Failure Detection, Isolation and Recovery (FDIR) functions are implemented aboard satellites in order to detect the occurrence of failures and to prevent the failure from propagating in the whole system, which could cause critical events and thus jeopardize the mission.
The complexity of the FDIR verification and validation (V\&V) increases with the system complexity. As systems include more and more interacting functions and functional modes, it becomes harder to evaluate at the overall system level the effects of local failures. That is even truer when we consider the effects of time. Indeed, unexpected behavior can arise from a bad timing of events. Timing constraints allow to represent the impact of computation times, delays on the propagation of failures, and the reaction time of the reconfigurations steps triggered in reaction to failure detection.
Thus, new models and tools are needed to assist early V\&V of the on-board processes and FDIR design. Thomas and Blanquart~\cite{thomas2013} describe a process to model FDIR satellite functions. This process requires to model failure propagation, detection, and recovery times, which requires modelling languages expressive enough to support complex system modelling. Associated tools should provide automatic verification that on-board FDIR functions are correct despite latency in failure propagation or management. For instance, one should be able to verify whether failures are recovered before they are propagated further in the system.

\begin{figure}[tb]
	\centering
	\includegraphics[width=\textwidth]{figures/satellite_telecom.png}
	\caption{A satellite and its equipment}
\end{figure}


\section{AOCS Case Study}\label{sec:aocs}

The validation of the approach on the automatic mode management model of an AOCS (Attitude and Orbit Control System) of a satellite considers
control and command specifications of a satellite constellation mission. The example discussed in these pages is a simplification of this industrial specification which
takes into account a single function and 3 equipment per satellite. Each equipment is necessary to the execution of its function in any of its operational modes.
The real specification includes 3 functions, several equipment, surveillance elements and automata.
Validation can be done by simulation or property verification; the way we take here is the latter.

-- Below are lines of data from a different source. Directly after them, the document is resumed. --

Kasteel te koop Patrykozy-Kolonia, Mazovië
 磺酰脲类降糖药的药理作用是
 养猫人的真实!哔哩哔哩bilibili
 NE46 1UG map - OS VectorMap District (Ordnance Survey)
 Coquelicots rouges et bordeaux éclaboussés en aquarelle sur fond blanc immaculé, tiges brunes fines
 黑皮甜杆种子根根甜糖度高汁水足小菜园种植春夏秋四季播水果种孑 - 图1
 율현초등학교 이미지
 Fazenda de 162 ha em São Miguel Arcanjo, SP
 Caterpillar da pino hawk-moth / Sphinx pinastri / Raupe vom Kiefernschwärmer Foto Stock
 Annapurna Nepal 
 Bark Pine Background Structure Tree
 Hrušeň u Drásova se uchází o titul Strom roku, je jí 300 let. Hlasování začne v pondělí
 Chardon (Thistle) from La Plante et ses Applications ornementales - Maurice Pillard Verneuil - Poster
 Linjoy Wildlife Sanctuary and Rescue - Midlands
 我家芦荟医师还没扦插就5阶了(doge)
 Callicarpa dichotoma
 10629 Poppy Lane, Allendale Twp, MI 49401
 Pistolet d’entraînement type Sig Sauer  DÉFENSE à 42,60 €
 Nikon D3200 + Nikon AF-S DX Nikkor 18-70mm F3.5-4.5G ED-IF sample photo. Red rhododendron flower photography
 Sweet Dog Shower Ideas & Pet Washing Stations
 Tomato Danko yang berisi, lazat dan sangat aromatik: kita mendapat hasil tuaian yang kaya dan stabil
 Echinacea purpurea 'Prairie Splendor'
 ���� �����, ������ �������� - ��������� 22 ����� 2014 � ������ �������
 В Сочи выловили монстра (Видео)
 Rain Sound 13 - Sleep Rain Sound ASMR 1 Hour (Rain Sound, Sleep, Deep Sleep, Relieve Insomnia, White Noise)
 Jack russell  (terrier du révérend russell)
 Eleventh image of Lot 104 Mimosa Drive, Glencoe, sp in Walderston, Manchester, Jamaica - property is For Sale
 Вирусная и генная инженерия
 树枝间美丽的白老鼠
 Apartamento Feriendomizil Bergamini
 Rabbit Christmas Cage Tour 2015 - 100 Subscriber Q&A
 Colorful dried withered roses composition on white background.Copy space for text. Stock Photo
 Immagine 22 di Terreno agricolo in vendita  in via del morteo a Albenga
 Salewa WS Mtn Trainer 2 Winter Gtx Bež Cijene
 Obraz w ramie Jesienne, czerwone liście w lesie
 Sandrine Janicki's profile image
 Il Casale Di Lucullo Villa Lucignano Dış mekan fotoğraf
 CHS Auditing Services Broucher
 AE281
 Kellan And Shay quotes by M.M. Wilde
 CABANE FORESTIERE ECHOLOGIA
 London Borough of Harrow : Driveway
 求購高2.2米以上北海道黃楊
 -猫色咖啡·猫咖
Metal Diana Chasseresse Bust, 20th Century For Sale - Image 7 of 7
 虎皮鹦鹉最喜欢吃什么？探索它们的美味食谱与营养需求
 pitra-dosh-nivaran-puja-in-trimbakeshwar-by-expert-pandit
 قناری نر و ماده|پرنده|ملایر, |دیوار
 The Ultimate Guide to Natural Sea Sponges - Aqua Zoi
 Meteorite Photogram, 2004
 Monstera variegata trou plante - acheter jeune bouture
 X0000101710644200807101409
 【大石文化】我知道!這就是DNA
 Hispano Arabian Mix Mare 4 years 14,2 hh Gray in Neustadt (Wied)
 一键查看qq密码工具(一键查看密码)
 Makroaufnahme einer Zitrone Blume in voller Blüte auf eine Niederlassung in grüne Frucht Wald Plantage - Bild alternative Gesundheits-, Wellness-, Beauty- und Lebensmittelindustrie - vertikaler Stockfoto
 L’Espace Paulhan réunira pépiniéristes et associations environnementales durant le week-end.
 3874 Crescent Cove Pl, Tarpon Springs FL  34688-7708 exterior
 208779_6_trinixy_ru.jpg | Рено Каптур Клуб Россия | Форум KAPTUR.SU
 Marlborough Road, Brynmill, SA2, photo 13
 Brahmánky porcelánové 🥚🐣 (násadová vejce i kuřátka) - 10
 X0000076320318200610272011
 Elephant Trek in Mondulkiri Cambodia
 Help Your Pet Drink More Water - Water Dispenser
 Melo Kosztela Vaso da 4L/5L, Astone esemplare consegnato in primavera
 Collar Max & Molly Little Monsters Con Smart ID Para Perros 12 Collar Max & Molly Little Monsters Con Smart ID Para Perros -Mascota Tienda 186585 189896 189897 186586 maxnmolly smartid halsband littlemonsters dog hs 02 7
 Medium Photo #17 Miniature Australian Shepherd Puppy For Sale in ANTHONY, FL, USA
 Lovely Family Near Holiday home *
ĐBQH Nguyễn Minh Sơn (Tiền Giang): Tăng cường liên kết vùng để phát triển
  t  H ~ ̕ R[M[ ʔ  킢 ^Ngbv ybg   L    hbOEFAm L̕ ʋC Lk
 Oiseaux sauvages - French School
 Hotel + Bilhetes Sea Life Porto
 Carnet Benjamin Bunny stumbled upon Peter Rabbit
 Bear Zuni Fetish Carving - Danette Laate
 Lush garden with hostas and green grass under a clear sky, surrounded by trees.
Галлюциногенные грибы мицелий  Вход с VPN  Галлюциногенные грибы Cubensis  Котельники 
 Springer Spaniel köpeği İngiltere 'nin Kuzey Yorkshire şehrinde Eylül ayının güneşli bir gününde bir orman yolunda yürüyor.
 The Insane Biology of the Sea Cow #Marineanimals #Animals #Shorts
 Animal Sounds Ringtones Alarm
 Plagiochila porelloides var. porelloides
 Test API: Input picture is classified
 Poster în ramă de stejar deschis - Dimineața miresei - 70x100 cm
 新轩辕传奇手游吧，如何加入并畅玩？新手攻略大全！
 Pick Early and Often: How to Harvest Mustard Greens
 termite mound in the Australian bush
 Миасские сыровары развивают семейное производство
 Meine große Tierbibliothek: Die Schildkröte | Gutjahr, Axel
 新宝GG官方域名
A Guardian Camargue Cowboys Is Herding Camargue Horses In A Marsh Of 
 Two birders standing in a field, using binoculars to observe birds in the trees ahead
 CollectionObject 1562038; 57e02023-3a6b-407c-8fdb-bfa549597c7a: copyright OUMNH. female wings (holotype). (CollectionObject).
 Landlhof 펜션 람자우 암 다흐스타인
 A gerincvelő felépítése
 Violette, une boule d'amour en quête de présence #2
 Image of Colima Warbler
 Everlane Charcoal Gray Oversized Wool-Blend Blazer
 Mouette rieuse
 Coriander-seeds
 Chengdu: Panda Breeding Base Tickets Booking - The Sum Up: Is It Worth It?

\subsection{Architecture description}

In space missions, the control of the attitude and the orbit of the aircraft is delegated to the AOCS. In the case study, the system relies on
\begin{itemize}
	\item AOCS sensors:
	\begin{itemize}
	\item Inertial Measurement Unit (IMU) implements accelerometers which provide the acceleration and gyros which give the estimated angular speed;
	\item Star-TRackers (STR) gives the estimated attitude quaternion;
	\end{itemize}
	\item AOCS actuators: Thrusters (ColdGasProp) permit the control of the spacecraft;
	\item 	The On-Board Computer unit, which manages all the spacecraft’s activity and therefore the AOCS application software that acquires the information from the sensors and commands the actuators.
\end{itemize}

\subsection{AOCS mode automaton}
The space industries and agencies contribute in the initiative Space AVionics Open Interface Architecture (SAVOIR) to define a single, agreed and common solution for the definition of the architecture of avionics system. The assess of our approach is validate with an industrial case study based on these Ground-Board Interface specifications\cite{ASRA}, the ECSS standard for the Space Segment Operability\cite{ECSS‐E‐ST‐70‐11C} and the AOCS mode management\cite{ECSS-E-ST-60-30C}. Generally, the specification of the satellite mode management is specified in early phases at system level with a co-engineering approach. The focus is on:
\begin{itemize}
	\item The AOCS capabilities to control the attitude and the orbit of the satellite;
	\item The Operations capabilities to operate the satellite by telecommand (TC) from the ground segment;
	\item The FDIR capabilities to continue the mission operations and to survive critical situations without relying on ground intervention.
\end{itemize}

In our approach, an early validation is experimented to increase the confidence on these system specifications and later to reduce the consolidation with the subsystems engineering.
The use-case focuses on the initial satellite mode management shown in  Figure~\ref{fig:1}; the current representation of AOCS mode.

\begin{figure}[thb]
	\centering
	\includegraphics[width=\textwidth]{figures/AOCSmode_schema.png}\vspace*{-5em}
	\caption{Representation of the AOCS modes.\label{fig:1}}
\end{figure}


Several AOCS modes are designed for the different mission phases.
Switching between a mode and another depends on three possible reasons:
\begin{itemize}
\item either the satellite receives a telecommand (TC) from Earth to trigger a mode change (Acquisition \& Safe Mode, Attitude Control Mode, Orbit Control Mode, Formation Control Mode);
\item	or there is an automatic on-board transition (A) when the separation from the launcher is detected or when the collision avoidance manoeuvre is finished;
\item or an automatic FDIR reconfiguration order (ARO) can be triggered by the ground (TC) or by the on-board FDIR to recover a failure. The ARO triggers the AOCS into the OFF mode and it is available from all AOCS mode except CAM.
\end{itemize}

Transition between modes is possible only when the involved equipment is available. In fact, some devices can take tenths of minutes to be ready for a mode switch. This is why it is very important to take into account timing constraints.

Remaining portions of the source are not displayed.